Maple Mustard Chicken Skewers with Avocado and Mint Sauce

 

Last lockdown I was really into cooking complicated stuff from scratch just to keep myself entertained. This lockdown feels different. I just want simple and delicious things to eat for dinner that are quick to make. These skewers fit that description to a tee. The flavour is so addictive, the perfect balance of sweet, salty, sour, and a little hit of bitter from the mustard powder.

It’s that combo that keeps you coming back for more, especially when you have the zest and refreshing sauce to dip them in! I love working with the folks over at KEEN’S to develop recipes because I feel like so many of us have grown up with those cute little tins in our cupboards, and it’s so fun to discover new ways of using them. 

 

You can cook these in any sort of pan you prefer, I wanted the charry grill marks so went with a grill pan but a fry pan or flat top would also work. They’re perfect on a barbeque too. You can make the sauce while the skewers cook. Or, if multitasking is a bit much when you’re cooking, prep your chicken and then make the sauce before you cook it.

 

Makes 8 chicken skewers (can double to feed more)

 

Ingredients

500g chicken thighs

Marinade

1 clove garlic, crushed

2 tsps KEEN’S mustard powder

½  tsp smoked paprika

1 Tbs maple syrup

1 Tbs extra virgin olive oil

1 Tbs lemon juice

½ tsp salt

 

Basting mix

2 tsps maple syrup

2 tsps olive oil

1 tsp lemon juice

 

Extra oil for cooking

 

Avocado and Mint Sauce

1 avocado

⅓ cup mint leaves

½ tsp lemon zest

½ tsp salt

¼ tsp freshly ground pepper

1 Tbs lemon juice +more to taste

1 Tbs extra virgin olive oil

2 Tbs water

 

Directions

Dice the chicken thighs into bite sized pieces. Mix the marinade together in a bowl and then add the chicken. Toss to coat well. Set aside to marinade for 20 minutes or up to over night. 

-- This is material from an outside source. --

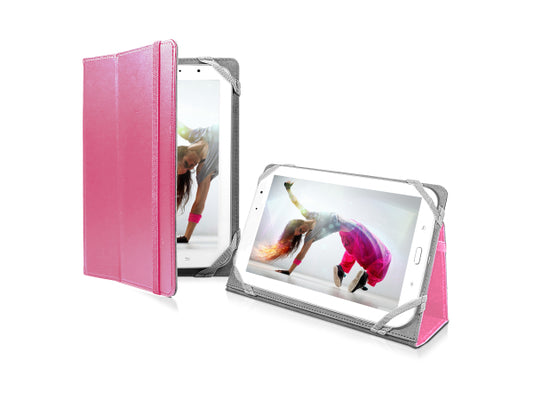 Kaufuniversum - SBS Klapphülle in universellem Hochformat mit Aufstellfunktion für Tablet 7''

If using wooden skewers soak them in water first. I used reusable metal ones as I always forget to soak the bamboo kind! Take 8 skewers and thread the chicken on to them.

Make the avocado and mint sauce by adding everything, excluding the water to a food processor or blender. Blitz until smooth then add water a little by little until you have a mayonnaise consistency.

Heat your pan of choice (see above) on medium high heat and once hot add enough oil to just coat the base of the pan. Add the chicken skewers and cook until golden on each side. Once cooking the last side brush with the basting mix to make them nice and glossy. Remove from the pan.

Serve with the sauce and a wedge of lemon.